En un mot , je demande instamment qu'on soit uni, qu'on paraisse renoncer à tout, qu'on s'assure protection et liberté, qu'on se donne tout le public pour associé, en le faisant craindre de voir tomber un ouvrage nécessaire .

Tout le malheur vient de ce que M. Diderot n'a pas fait d'abord la même déclaration que M. d'Alembert . Il en est encore temps . On viendra à bout de tout avec l'air de ne vouloir plus travailler à rien . Du temps ; et des amis ; et le succès est infaillible . Je suis en droit d'écrire à Mme de Pompadour les lettres les plus fortes, et je ferai écrire des personnes de poids, si on trouve ce parti convenable .

Mais un homme qui est capable de passer deux mois sans faire réponse sur des choses si essentielles, est-il capable de se remuer comme il faut dans une telle affaire ?

Je prie instamment M. Diderot de brûler devant M. d'Argental mon billet sur les kakouacs dans lequel je me méprenais sur l'auteur . J'aime M. Diderot, je le respecte et je suis fâché .

V. »

1 Cette lettre est , comme V* l'a dit dans sa lettre du 25 février à d'Argental, adressée à Diderot . Voir : http://voltaireathome.hautetfort.com/archive/2010/02/24/5ab8a796411269fbfec64d1d13bf57ad.html

2 On trouve à la fin du Siècle de Louis XIV cet éloge écrit en 1752 : « Enfin le siècle passé a mis celui où nos sommes en état de rassembler en un corps , et de transmettre à la postérité le dépôt de toutes les sciences et de tous les arts, tous poussés aussi loin que l'industrie humaine a pu aller ; c'est à quoi a travaillé une société de savants remplis d'esprit et de lumières . Cet ouvrage immense et immortel semble accuser la brièveté de la vie des hommes . »
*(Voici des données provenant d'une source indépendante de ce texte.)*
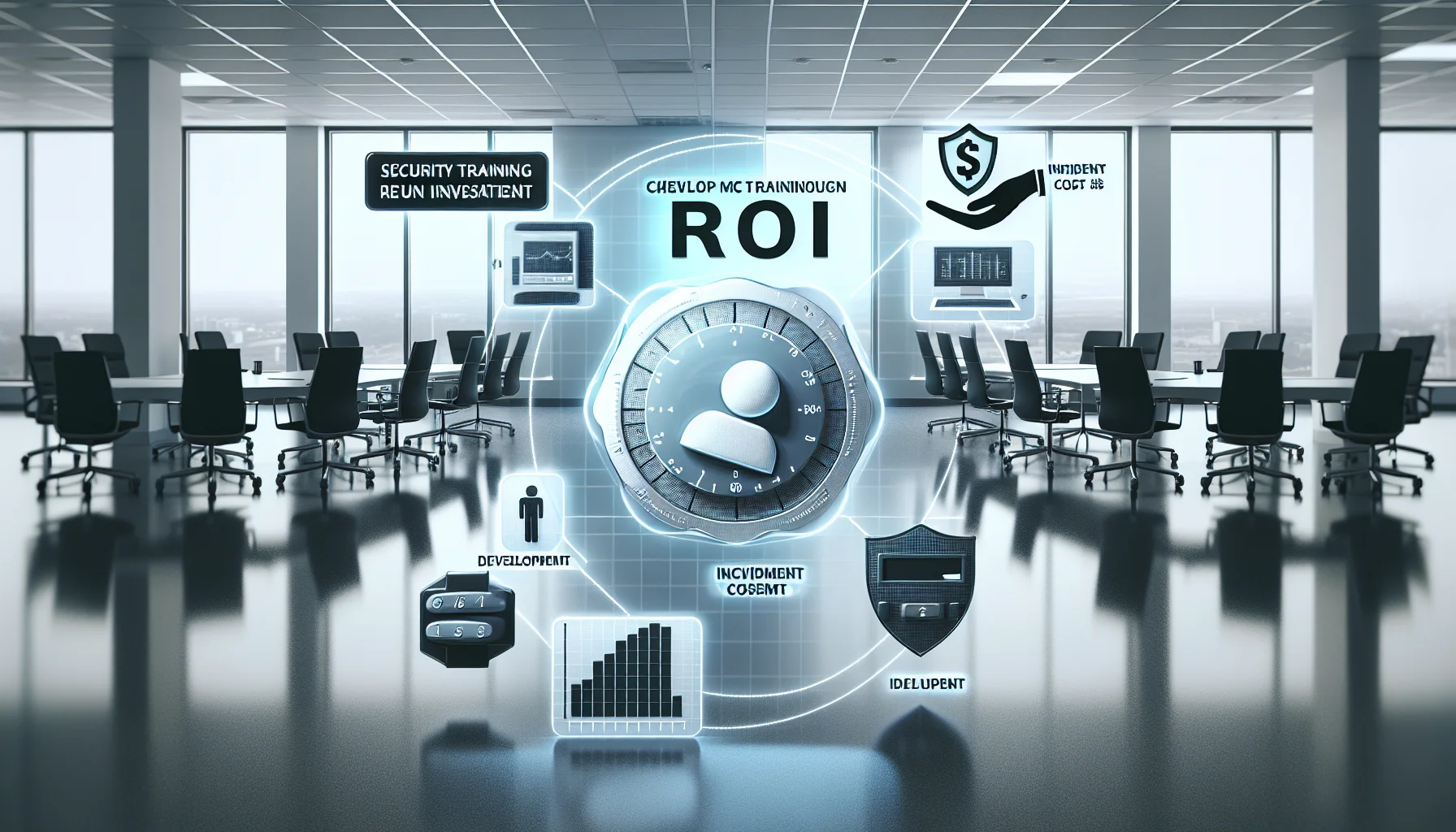 Team reviewing spreadsheet model for security training ROI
Voir également le Précis du siècle de Louis XV.

3 Joly de Fleury .

4 Charles-Jean-Baptiste Chapelain ; voir lettre du 13 février 1758 à d'Alembert : http://voltaireathome.hautetfort.com/archive/2010/02/13/c-est-une-chose-infame-de-n-etre-pas-tous-unis-comme-des-fre.html

6 Sous la menace du glaive .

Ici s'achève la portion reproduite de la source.